Se suponía que la década de 1990 sería la de la prosperidad globalizarte. Sin embargo, el Fondo Monetario Internacional (FMI) informó en 2001 que “casi 36 por ciento de la población de Latinoamérica y el Caribe vive por debajo del límite de pobreza -la misma proporción que hace una década”. Esta cifra no incluye de ninguna manera al número de ciudadanos que apenas logran sobrevivir dependiendo del dinero enviado por familiares que han emigrado al norte. Es más, la riqueza que se ha producido en la región no ha sido compartida equitativamente. Como explica un informe del Banco Mundial en 2003, “El diez por ciento más rico de la población de Latinoamérica y el Caribe reciben el 48 por ciento del ingreso total, mientras que el diez por ciento más pobre recibe tan sólo 1,6 por ciento”.
últimamente el elitismo económico se ha estrellado contra el voto popular. Candidatos acomodados que prometen políticas pro-norteamericanas están aprendiendo que es difícil ganar una elección si solo se tiene el apoyo del diez por ciento más rico de la población. Evidentemente el pueblo latinoamericano está harto de los pálidos resultados del neoliberalismo, y con razón.

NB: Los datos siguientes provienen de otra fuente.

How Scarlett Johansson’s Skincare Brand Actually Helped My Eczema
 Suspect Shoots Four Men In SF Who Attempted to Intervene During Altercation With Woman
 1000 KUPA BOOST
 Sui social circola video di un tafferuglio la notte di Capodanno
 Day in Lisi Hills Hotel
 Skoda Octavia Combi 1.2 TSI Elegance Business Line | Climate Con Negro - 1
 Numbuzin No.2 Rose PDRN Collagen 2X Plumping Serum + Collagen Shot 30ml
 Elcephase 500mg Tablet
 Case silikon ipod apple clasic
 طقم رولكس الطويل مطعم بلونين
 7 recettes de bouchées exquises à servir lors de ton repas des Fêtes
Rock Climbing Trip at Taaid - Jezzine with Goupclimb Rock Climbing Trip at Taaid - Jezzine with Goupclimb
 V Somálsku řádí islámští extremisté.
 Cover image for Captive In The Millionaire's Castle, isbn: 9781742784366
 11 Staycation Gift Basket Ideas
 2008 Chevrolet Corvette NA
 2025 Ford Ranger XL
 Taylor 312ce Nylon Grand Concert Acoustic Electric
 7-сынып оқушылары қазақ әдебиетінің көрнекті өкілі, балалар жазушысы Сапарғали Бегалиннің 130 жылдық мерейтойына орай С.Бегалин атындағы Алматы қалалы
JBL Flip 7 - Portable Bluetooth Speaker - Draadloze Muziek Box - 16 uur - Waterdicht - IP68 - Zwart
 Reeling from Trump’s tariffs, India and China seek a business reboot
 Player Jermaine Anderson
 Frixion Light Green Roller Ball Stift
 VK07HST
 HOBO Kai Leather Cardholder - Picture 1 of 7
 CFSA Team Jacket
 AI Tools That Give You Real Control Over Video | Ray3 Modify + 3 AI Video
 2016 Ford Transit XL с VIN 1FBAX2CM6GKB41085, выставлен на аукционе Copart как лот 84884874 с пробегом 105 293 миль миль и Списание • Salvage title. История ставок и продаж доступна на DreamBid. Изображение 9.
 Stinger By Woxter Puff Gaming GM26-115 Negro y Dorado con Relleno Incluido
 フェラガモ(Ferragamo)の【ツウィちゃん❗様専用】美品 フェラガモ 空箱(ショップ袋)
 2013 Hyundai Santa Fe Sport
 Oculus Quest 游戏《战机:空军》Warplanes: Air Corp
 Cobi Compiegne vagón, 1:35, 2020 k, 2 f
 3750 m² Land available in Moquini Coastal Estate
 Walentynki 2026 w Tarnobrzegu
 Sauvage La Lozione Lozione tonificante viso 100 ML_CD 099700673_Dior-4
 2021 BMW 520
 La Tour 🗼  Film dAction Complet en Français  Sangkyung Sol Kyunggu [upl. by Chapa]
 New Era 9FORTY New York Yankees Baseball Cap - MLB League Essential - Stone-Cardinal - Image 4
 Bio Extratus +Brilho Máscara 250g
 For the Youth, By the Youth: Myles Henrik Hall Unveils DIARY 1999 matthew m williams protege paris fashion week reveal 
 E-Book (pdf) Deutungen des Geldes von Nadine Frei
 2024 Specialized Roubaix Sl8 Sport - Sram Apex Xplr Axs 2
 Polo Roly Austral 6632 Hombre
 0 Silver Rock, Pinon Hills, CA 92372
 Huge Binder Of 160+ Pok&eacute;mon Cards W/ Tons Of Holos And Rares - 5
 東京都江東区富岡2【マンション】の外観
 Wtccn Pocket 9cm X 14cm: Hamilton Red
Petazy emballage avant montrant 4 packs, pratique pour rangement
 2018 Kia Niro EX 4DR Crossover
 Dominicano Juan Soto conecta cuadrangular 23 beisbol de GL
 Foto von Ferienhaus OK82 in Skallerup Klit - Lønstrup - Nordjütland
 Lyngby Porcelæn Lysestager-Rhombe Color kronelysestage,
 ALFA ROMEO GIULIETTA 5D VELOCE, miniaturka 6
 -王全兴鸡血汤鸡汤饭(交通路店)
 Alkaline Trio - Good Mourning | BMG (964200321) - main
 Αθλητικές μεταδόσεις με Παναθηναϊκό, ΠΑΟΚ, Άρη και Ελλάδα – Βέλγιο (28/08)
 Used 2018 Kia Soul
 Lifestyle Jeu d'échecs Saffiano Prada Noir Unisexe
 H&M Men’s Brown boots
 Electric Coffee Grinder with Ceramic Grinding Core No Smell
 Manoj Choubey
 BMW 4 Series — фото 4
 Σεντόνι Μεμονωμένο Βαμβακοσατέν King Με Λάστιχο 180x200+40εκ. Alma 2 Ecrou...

Los demócratas que proponen un retorno a la política de la era de Clinton que valoriza los “mercados libres” por encima de todo no han aprendido esta lección clave. Puede que prometan prestar mayor atención a Latinoamérica, pero no hay garantía de que tal atención sea algo favorable. Debido a sus relaciones anteriores con Estados Unidos, los latinoamericanos son muy concientes de que hay cosas peores que el olvido. Depende de los demócratas ofrecer una visión positiva del interés nacional de Estados Unidos que pueda trascender tanto el enfoque de Guerra Fría de Bush a los asuntos hemisféricos como la fracasada globalización corporativa que aún favorecen segmentos del partido.
Más allá de Hugo Chávez
Una de las presiones básicas que motivan la acción de EEUU para mejorar su imagen en Latinoamérica es el ascenso del venezolano Hugo Chávez como un formidable rival ideológico. El más franco de los presidentes latinoamericanos a la izquierda del centro, Chávez ha fortalecido su popularidad al usar los inesperados beneficios de los altos precio del petróleo para financiar iniciativas antipobreza en Venezuela y en el exterior. En años recientes ha enviado más de $16 mil millones de dólares en ayuda al extranjero, con infusiones especialmente significativas a Bolivia y Argentina. Chávez ha llegado hasta a enviar combustible subsidiado de calefacción a familias que de otra manera hubieran pasado frío en barrios pobres de la Ciudad de Nueva York, Filadelfia y otras ciudades norteamericanas.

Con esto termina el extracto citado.